The "workflow" metaphor is at a higher level. If you think of how
incoming data can be sorted and parceled out as if to a number of
desks in an office, with forms processed at a desk going from one
outbox to another desk's inbox, you're ignoring exact sequencing. It's
the view where you're labeling desks by their specialized tasks and
drawing outbox-inbox connections. In this view, it matters little
that, in the one-instruction-at-a-time CPU model, there's only one
"clerk" who (ridiculously, I know) puts a form in an inbox, then takes
it out again, puts it in the inbox of another desk, then sits down at
that other desk, takes the same form out and does the very specific
form-processing task assigned to that desk. You can instead imagine it
as some sluggish bureaucracy where everyone else but the single busy
clerk is waiting for a form to hit their empty inboxes. The fact is,
"one-instruction-at-a-time CPUs" hardly exist anymore except in the
cheapest microcontrollers -- there are all multitasking like crazy.
And this is because CPU designers work very hard to see how much of
the little bureaucracy they can actually keep busy, ideally at all
times, but at least at high throughput for average instruction
streams, even if 100% utilization is seldom reached. (Lambda, the
Ultimate Semicolon?)

Bryan: "Listing sequential actions one after the other is so intuitive
you see it everywhere. Take baking recipes as one example. Or assembly
code. Or poems."

Yes, sequencing just grows out of the fact of time.
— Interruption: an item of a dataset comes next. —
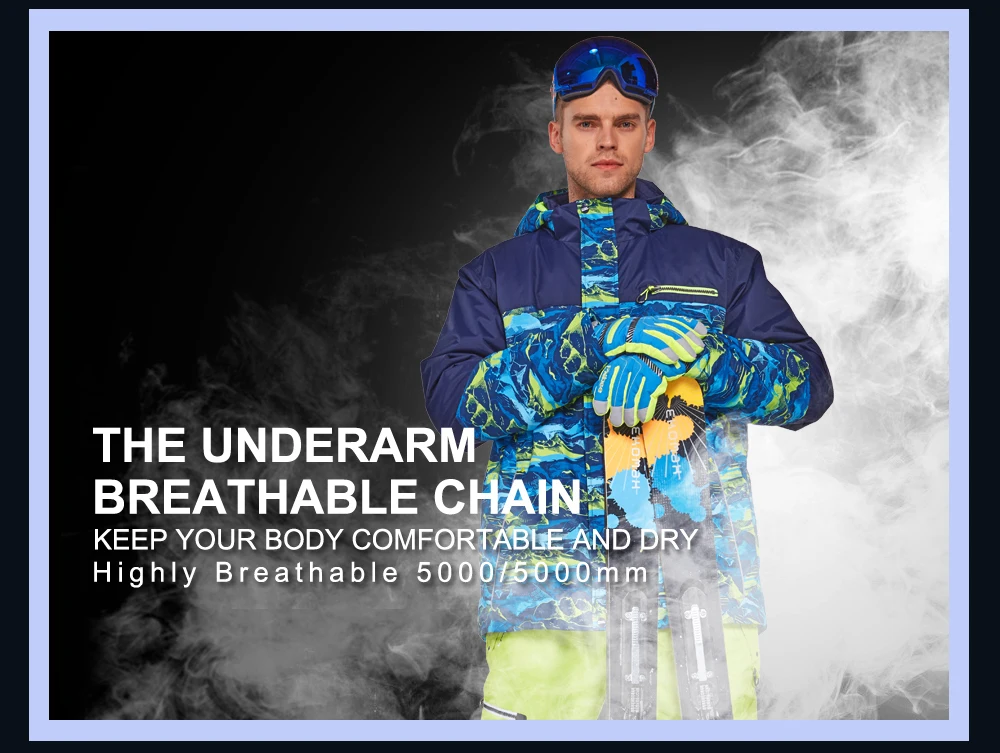 mens mountain waterproof fleece ski jacket windproof rain jacket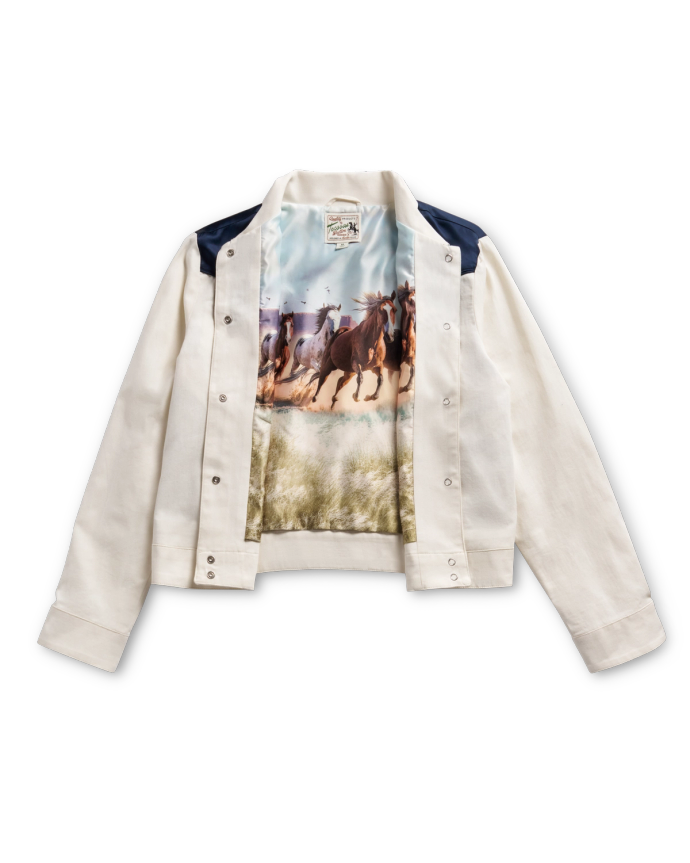 Back view of Women's Dolly Jacket  - Blue / White on plain background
You'd think that
poems aren't really sequences of tasks to do. But in a way, they are,
and in a sense that matters for my attempts at natural-language
understanding. There IS an implicit imperative in the energy required
to speak: the subtext of any statement addressed to another person
(even when it's dead poet to living reader) is: think about what I'm
saying. Each new word in a sentence being spoken maps the listener's
mind-state to a new one. The purpose of the sequencing is to build up
state in the listener's mind.

"When a Haskeller says, "Monads are great! They let you chain effectful
actions together!" it can take a very long time to understand they actually
mean exactly what they're saying — the usual intuition is that sequencing
actions can't possibly be a real problem, so you go round and round in
circles trying to understand what "effectful" means, what "action" means,
and how these oh-so-important "laws" have anything to do with it."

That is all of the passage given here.